This post is especially for all those brave souls out there who are running Windows Vista, until recently I too was a pioneer of this brave new world of funky GUI and fatal flaws, I gave up last week and removed Vista from the last PC here in my home that had it installed.
Now, in the few months I ran Vista on my main work laptop (ASUS G2S), I discovered one really crazy omission from the system, namely a way to resize images easily. You can select an image in windows explorer, email it to yourself and resize it before it is sent, but lets face it, that’s a really long winded and stupid way of resizing a picture.
Windows Live Gallery does allow photo resizing, but it is not part of the OS and quite frankly I don’t like it very much, so I started searching for an alternative.
I found Fotosizer, which is a really cool utility for resizing and converting images in batches.

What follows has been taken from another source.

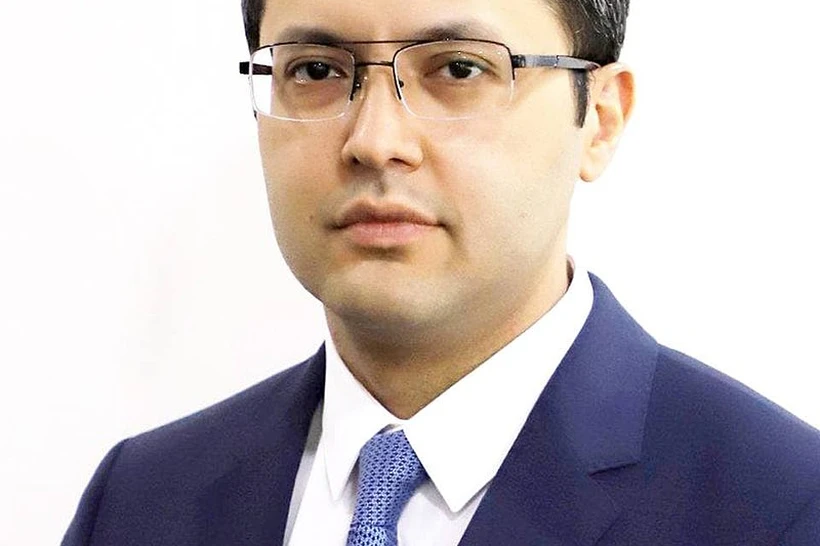 Oʻzbekiston Respublikasi Prezidentining tegishli farmonlari bilan tanishing:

As you can see from the screenshot, it is a very basic software application, all it does is resize photos and optionally convert their format on output. Basic stuff yes, but it does it so well! I had a huge (60GB) collection of images taken on my Canon D40 digital SLR that have needed resizing for months, I only now just got this done as it was so easy using Fotosizer.
You can choose standard sizes for the conversion, or you can specify a custom size, you can also choose to overwrite these settings if an image has been rotated and apply them the opposite way around. A major bonus is the conversion on output section, this is great if you want to change the format of the image at the same time as resizing it.
Overall this is a really useful little application, definitely doubly so if you run Vista, ok most graphic applications such as Photoshop allow batch resizing, but it requires some effort to set up the processing and it takes a while to do, Fotosizer is a snap to use, you can set up a batch to process in seconds.
The actual conversion and resize process is quite swift, I had the software resize over 3000 images for me in one batch, it took around 12 minutes to achieve this in total, including setting up the batch process itself, which is quite a respectful speed for such a lot of image manipulation.
Anyone looking for a simple application to manipulate images, resize them and change their storage format would do well to take a look at this free little application that does the job so elegantly, definitely something I will be adding to my list of applications to be installed every time I reformat my drive in the future.